Se le parole hanno il potere di creare emozioni ma anche paure, è necessario creare presidi culturali i cui linguaggi possano produrre fiducia, speranza, conoscenza e libertà, ovvero la parola è l’arma più potente che abbiamo, usiamola bene! Questo il sentimento ma anche l’obiettivo dell’associazione culturale No-Name, che lancia a Catania Etnabook, il primo festival del libro e della cultura: una manifestazione che ha lo scopo inequivocabile di promuovere la cultura attraverso l’esplorazione del mondo universale del libro.

Dal 19 al 21 settembre, la città sotto il vulcano si prepara ad essere invasa da un’esplosione di cultura, grazie all’idea ed all’ambizione di chi vuol perseguire principi di condivisione di idee e spazi attraverso la potenza espressiva ed evocativa dei libri e dei luoghi ad essi consacrati: le librerie e le biblioteche. L’evento si articolerà, infatti, in una tre giorni ricca di incontri con autori, editori e librai e ancora mostre, anteprime e proiezioni che avranno lo scopo primario di incoraggiare il dialogo, la riflessione ma anche il divertimento stimolando, nel contempo, l’impegno per la tutela e la salvaguardia dei valori legati alla democrazia ed alla libertà. Non ha a caso il tema della manifestazione, forte e di grande attualità, che ha già suscitato non poche polemiche, sarà quello dell’antifascismo che, in momento storico così particolare, pone mirati quesiti le cui risposte richiedono necessariamente un’azione culturale.

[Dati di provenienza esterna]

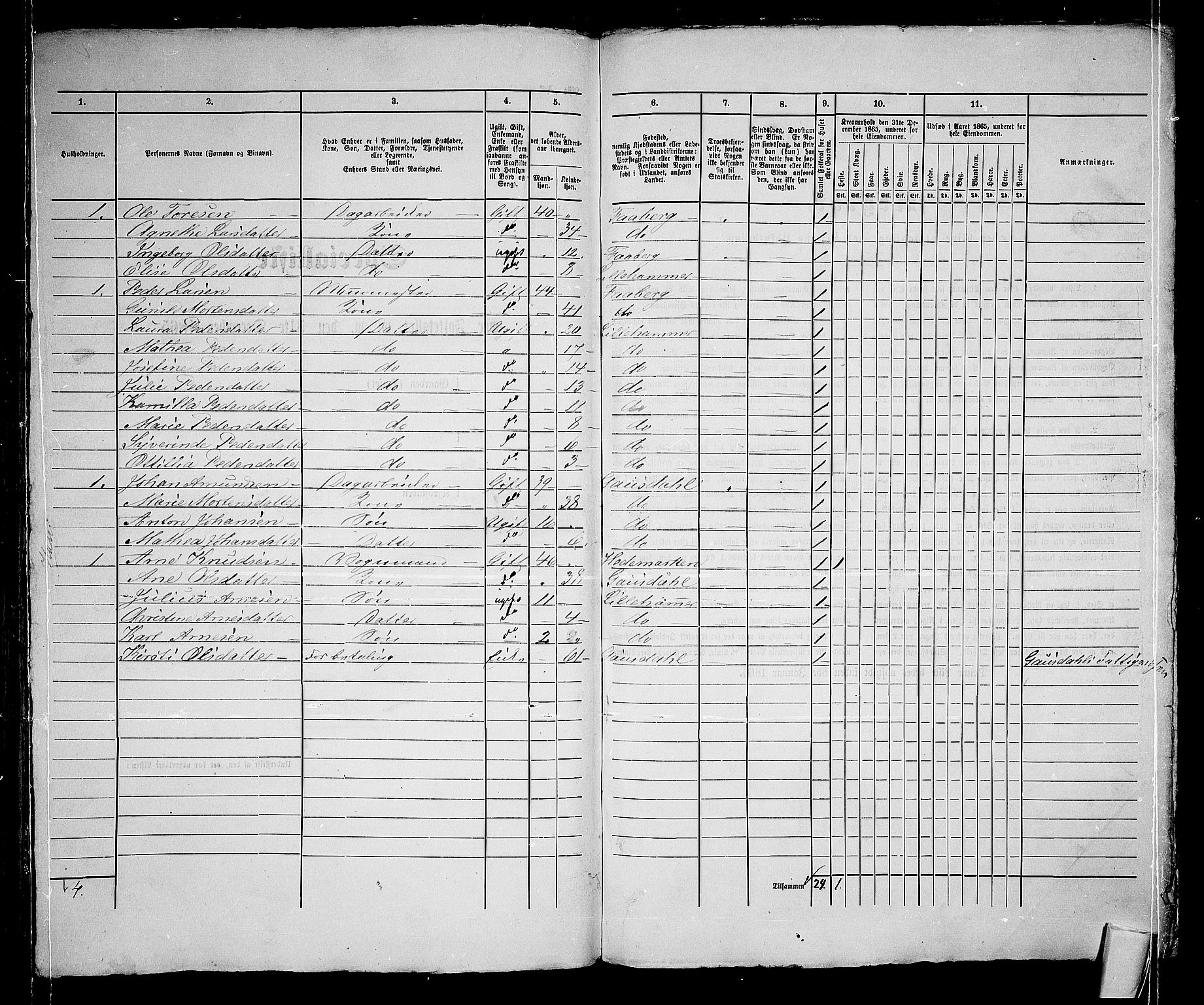 RA, 1865 census for Fåberg/Lillehammer, 1865, p. 247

A tal proposito, daranno il loro contributo Giacomo Rota, segretario generale ed altri dirigenti della Cgil Catania, che sarà partnership dell’iniziativa e presso la cui sede, nel palazzo storico di via Crociferi, saranno ospitate mostre e dibattiti che avranno l’intento di ispirare, attraverso l’arte, quella libertà di pensiero che orami si nutre della paura di svelare un’ignoranza violenta che si annida nei meandri più bui dell’animo.

Ed è con probabile riferimento alle tematiche dei dibattiti e dei confronti previsti che molti considerano già come ospite d’onore lo scrittore Daniele Zito, che sarà presente col suo ultimo libro “Uno di noi” edito da Miraggi Edizioni: un romanzo sul male dei nostri giorni, la violenza senza alcuna accondiscendenza, scritto in forma di tragedia greca.

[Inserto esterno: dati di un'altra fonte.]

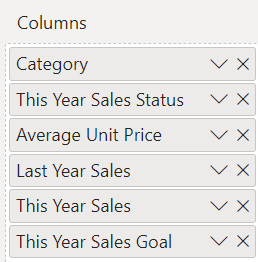 Screenshot of the reordered table data fields in the Columns section of the Visualizations pane.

Ma a questa prima edizione di Etnabook prenderanno parte come protagonisti anche: Emanuela Ersilia Abbadessa, Francesco Filippi, Fausto Pirrello, Laura Tangherlini e Giovanni Magrì.

L’evento letterario proporrà, inoltre, un laboratorio di scrittura creativa articolato in due moduli “Il tempo e il gesto creativo” e “Da un’immagine”, curati rispettivamente da Antonio Ciravolo e Maristella Bonomo, due fra gli autori più promettenti del panorama editoriale. Il Festival proporrà ancora il contest “Un libro in una pagina” ed il concorso letterario “Etnabook – Cultura sotto il vulcano”, la cui giuria tecnica sarà presieduta da personaggi del mondo dell’editoria e della cultura nazionale ed internazionale. Infine, anche una finestra riservata al mondo del cinema che accompagnerà la kermesse per tutti e tre i giorni; a suggellare l’evento, infatti, anche un concorso interamente dedicato ai booktrailers.

Quale assaggio di questo full immersion culturale, la direzione organizzativa ha orgogliosamente annunciato l’evento di anteprima del Festival: “Aspettando Etnabook”. Venerdì 13 settembre alle ore 18.30, presso il Museo Storico del Carretto Siciliano di Aci Sant’Antonio, Maristella Bonomo dialogherà con Cristina Cassar Scalia, nota scrittrice nativa di Noto che ormai vive e lavora a Catania e che sarà presente con il suo ultimo successo “La logica della lampara”, edito da Einaudi.